Heart and Art Are Keys to Nursing, Graduates Told During Nurses Pinning Ceremony at Rhode Island College

Lauren Costa, a nursing graduate from Cranston, accepts congratulations from Dean Jane Williams.

Lauren Costa, a nursing graduate from Cranston, accepts congratulations from Dean Jane Williams.

The nursing profession can be summed up in two words – heart and art, according to speakers at the Rhode Island College School of Nursing Pinning Ceremony.

Nurses not only are experts when it comes to the anatomy and physiology of the heart, but they’re also the heart of the health care profession, said Ronald Pitt, vice president of academic affairs. Without nurses, he said, “there would be no health care, whatsoever.”

Linda Damon, vice president of patient care services at Butler Hospital, who provided the keynote address, concurred, saying the relationship between a nurse and a patient is at “the core of what you do – the core of what nursing is.”

That relationship is the heart of the profession, Damon told the nearly 100 nursing graduates, whose family and friends nearly filled the auditorium in Roberts Hall for the ceremony on Jan. 16.

Damon also noted that nursing is an art as well as a science, with nurses using a mix of education, training and communication skills to provide medical care in a variety of settings, in a variety of different ways.

“You’ve chosen the noblest profession,” Damon said, noting that a recent Gallup poll showed that people consider nursing to be the “the most trusted profession in the world.”

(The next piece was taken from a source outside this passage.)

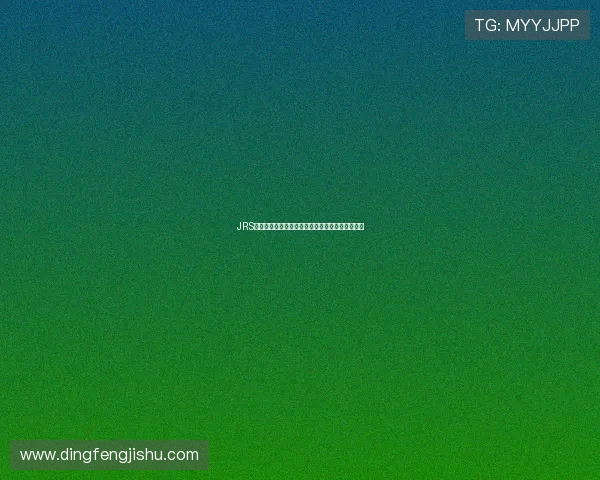 JRS直播低调观看利物浦比赛全程解析与精彩瞬间回顾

The pinning ceremony is a tradition for nursing school graduates, said Jane Williams, dean of the School of Nursing. She presented each graduate with a pin that includes both the Rhode Island College seal, with the flame representing knowledge, as well as the image of a lantern, like that once carried by Florence Nightingale, the founder of modern nursing.

Those symbols are significant, Williams said, because “we as nurses still strive to bring light and care to those in need.”

Damon also reminded the graduates that as they go into the field, whichever path of nursing they may choose: “Remember to listen. Remember your heart – and remember your art.”